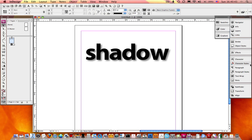In this week's Master in a Minute, we're going to take a look at some different shadow effects that you can create in InDesign.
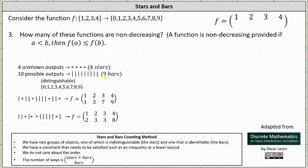Let's look at two examples. Each stars and bars chart will give us the outputs of a function that is non-decreasing. For the first stars and bars chart, we have a bar indicating a switch from output 0 to 1, then a star — so 1 is the first output. Then two bars switching from 1 to 2 and 2 to 3, then another star — 3 is the second output. Then four bars representing switches from 3 to 4, 4 to 5, 5 to 6, and 6 to 7, then a star — 7 is the third output. Two more bars switch from 7 to 8 and 8 to 9, and one final star — 9 is the fourth output. This function is non-decreasing.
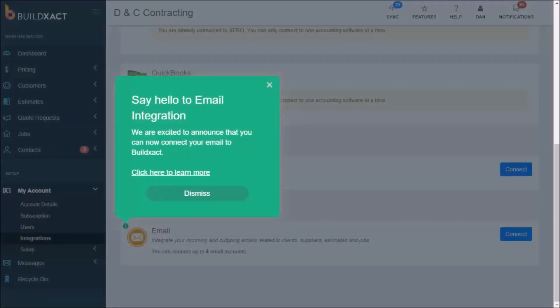Hi I'm Dan from BuildXact and this video is all about connecting your email and BuildXact accounts together. We'll cover what the email integration is about, why you would want to connect, and info on how to get that connection done.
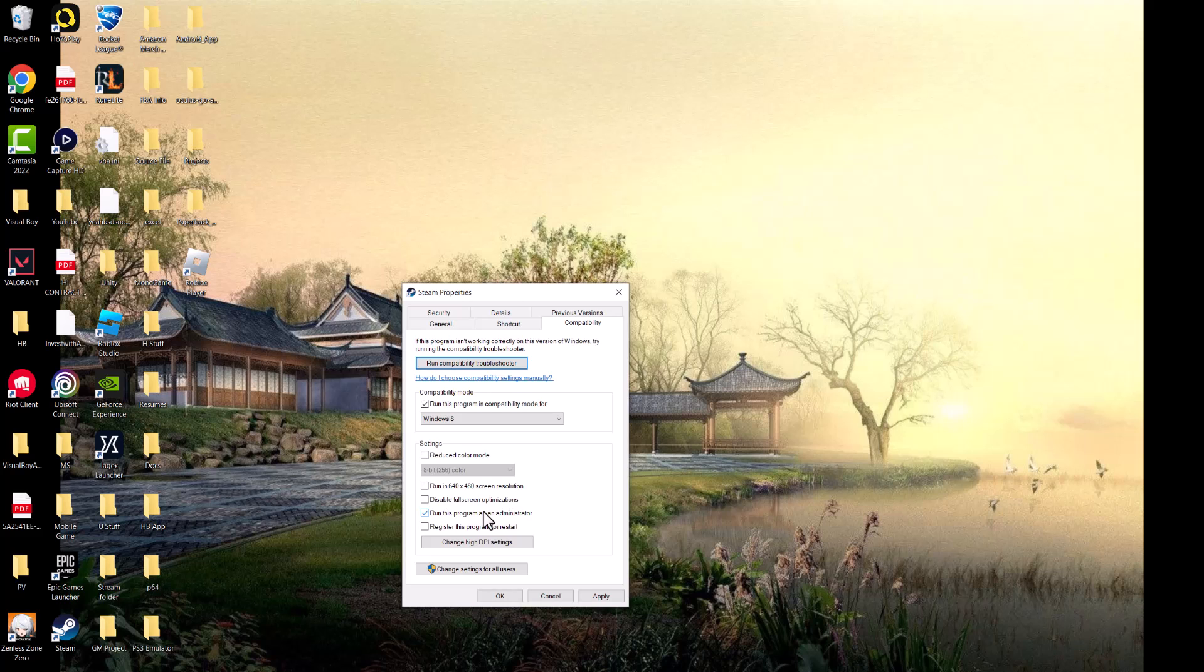Usually running it as administrator bypasses a lot of these issues that can happen, so doing this helps fix the issue. Press apply, restart your computer if possible, and then go from there and you should be good to go and you should not have this error persist any longer.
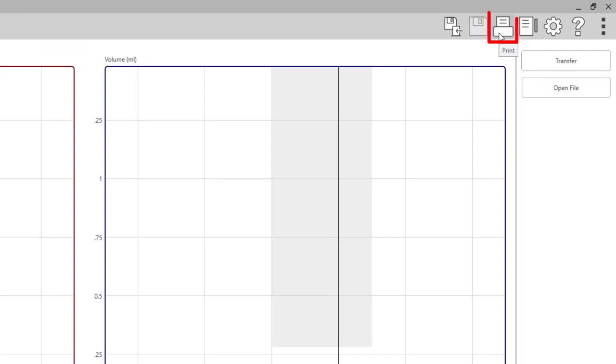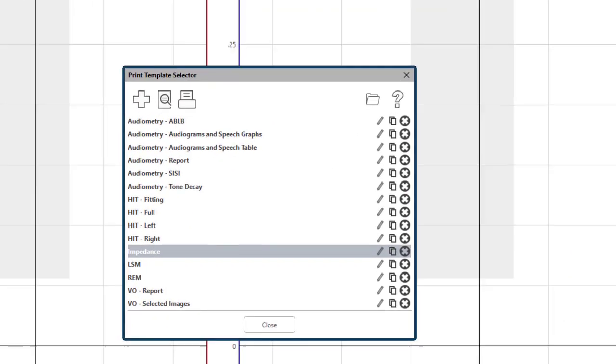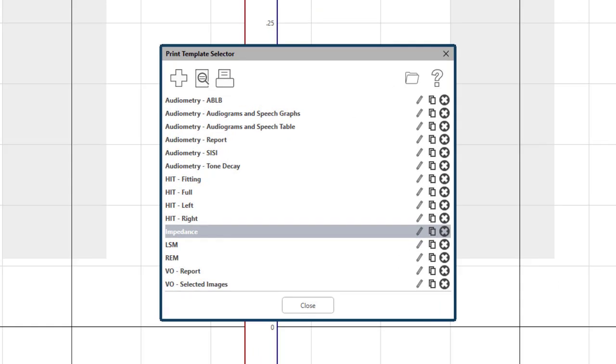This is the print icon. Select print and there will be sample print templates available for you. You can also set up custom templates here.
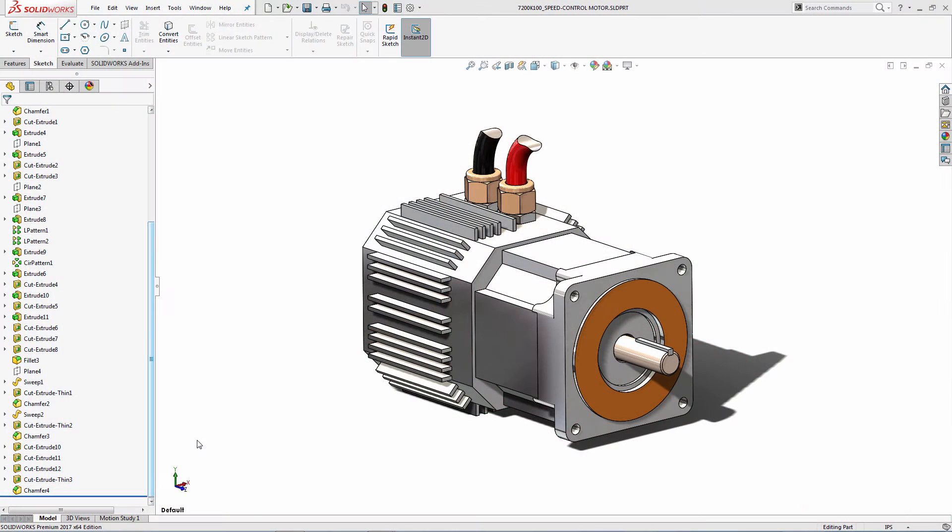New in SolidWorks 2017, the Convert to Bodies feature helps address two common challenges when working with complex part models.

================

> Work request: Find the line containing "Let's look at" in the listing above. Please restate word for word that line through the last one, leaving out the pictures.

> Answer area:
Let's look at two examples. Each stars and bars chart will give us the outputs of a function that is non-decreasing. For the first stars and bars chart, we have a bar indicating a switch from output 0 to 1, then a star — so 1 is the first output. Then two bars switching from 1 to 2 and 2 to 3, then another star — 3 is the second output. Then four bars representing switches from 3 to 4, 4 to 5, 5 to 6, and 6 to 7, then a star — 7 is the third output. Two more bars switch from 7 to 8 and 8 to 9, and one final star — 9 is the fourth output. This function is non-decreasing.
Hi I'm Dan from BuildXact and this video is all about connecting your email and BuildXact accounts together. We'll cover what the email integration is about, why you would want to connect, and info on how to get that connection done.
Usually running it as administrator bypasses a lot of these issues that can happen, so doing this helps fix the issue. Press apply, restart your computer if possible, and then go from there and you should be good to go and you should not have this error persist any longer.
This is the print icon. Select print and there will be sample print templates available for you. You can also set up custom templates here.
New in SolidWorks 2017, the Convert to Bodies feature helps address two common challenges when working with complex part models.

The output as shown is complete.